Denys: It wasn’t a grand decision. It was more like: we had no technical co-founder, no one to lead dev. So we naturally leaned into what we knew and loved: design. The big shift came with our first real startup client, Jaja Finance. They were early-stage, had an idea for a mobile bank, and Oleg made a pitch video that helped them secure investment. From there, we started designing their app. That project showed us what we were good at and, more importantly, what gave us energy. We realised: we want to build digital products from scratch. Not marketing campaigns. Not brochures. Real, usable, scalable digital products.

So, what were some of the defining achievements over these nine years?

Denys: Honestly, over a hundred projects, give or take. But the number isn't the point. It's what those projects meant. The people we met. The problems we solved. The pivots. There was this one project where our design ended up in a white-label banking product for the UK, which was implemented in the Post Office. That’s a wild sentence, right? But it happened. 

Let’s start from the far. There was Robinhood, an American financial services company, not a company yet at that time, but projects that followed in the wake of its influence. Trading apps with clean interfaces, investment platforms that needed a serious UX overhaul. After Robinhood’s boom, we saw a wave of clients trying to modernise — and we were there for it.

There was also a stretch where we worked with clients building investment tools — stock trading platforms that followed the Robinhood trend. One project in particular was trying to bring a clean, accessible UI to European markets, similar to what Robinhood did in the US. That one stuck with us because it showed how much trust users place in the visual layer of something as serious as a trading app.

Olena: We also worked with Moovel, a Daimler-owned mobility app project. It was a market research assignment for Ukraine, but it gave us a rare opportunity to go deep on transport ecosystems. We also did positioning and design for a host of smaller but mighty projects, including gate manufacturers and coffee shop brands. Those early odd jobs helped pay the bills, sure, but more than that, they helped us calibrate.

Jaja sounds like a big moment. What happened next?

Denys: We worked with them for years. They were tiny when we started. Then they grew. We went through a few redesigns, helped with their white-label product.

Oleg: I remember going to a session in the UK and someone waving an Asda Payment card at me. It was the white-label version we made. The design wasn’t perfect—creepy plastic, actually—but it worked. Cashback, features, the whole thing. It was surreal.

Denys: That’s when it clicked: this thing we do, it scales. It touches real users. It shapes businesses. And, kind of hilariously, we stopped working with them for a while. We thought we’d outgrown them—that the work wasn’t exciting anymore. But looking back, they were evolving too. We might’ve missed out. 

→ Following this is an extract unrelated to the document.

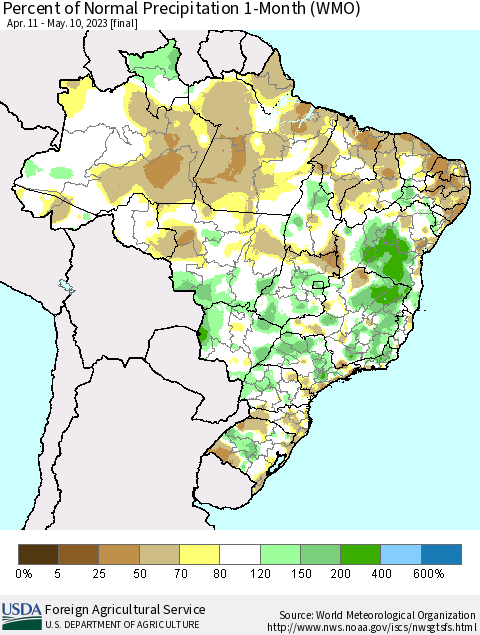 Brazil Percent of Normal Precipitation 1-Month (WMO) Thematic Map For 4/11/2023 - 5/10/2023
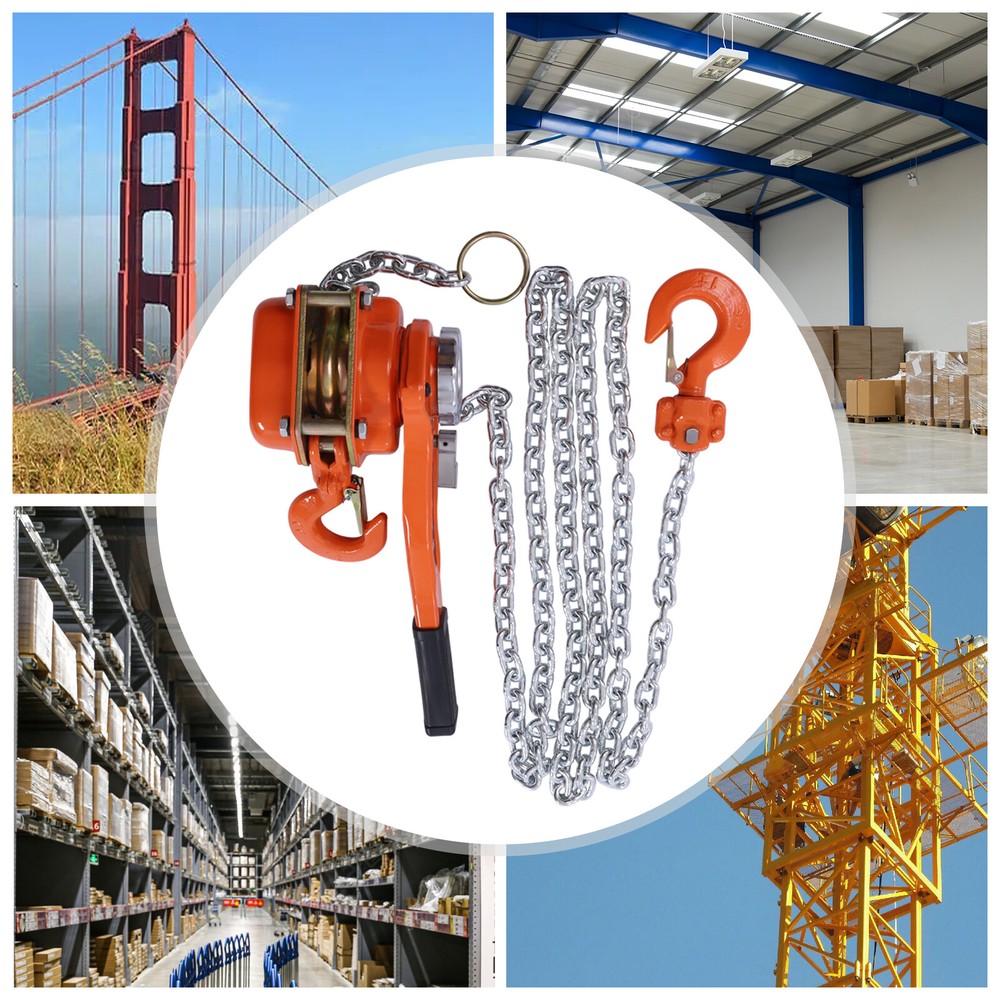 1650LBS 3/4 Ton 10ft Lever Block Chain Hoist Ratchet Type Come Along Puller !.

That’s one of those early lessons: sometimes you grow with the client.

Speaking of legacy, Daimler came pretty early too?

Olena: Wildly early. Like, year one. They found us on a Top interactive agency list. Invited us to research a new public transport app for the Ukrainian market. We actually told them not to launch. The timing wasn’t right. And they paid us for that. That was our intro to enterprise. 

The enterprise shift. What did that look like?

Olena: It started with banks. Fintechs were doing sexy stuff, so big banks got nervous. They came to us for that startup magic. They wanted to move fast, look fresh, break the legacy vibe. Suddenly, we were working with teams that had massive budgets but no idea how to build modern digital products. That tension was powerful. We could offer clarity, speed, and design maturity. That’s when we realised: we’re not just a design studio anymore. We’re a strategy partner.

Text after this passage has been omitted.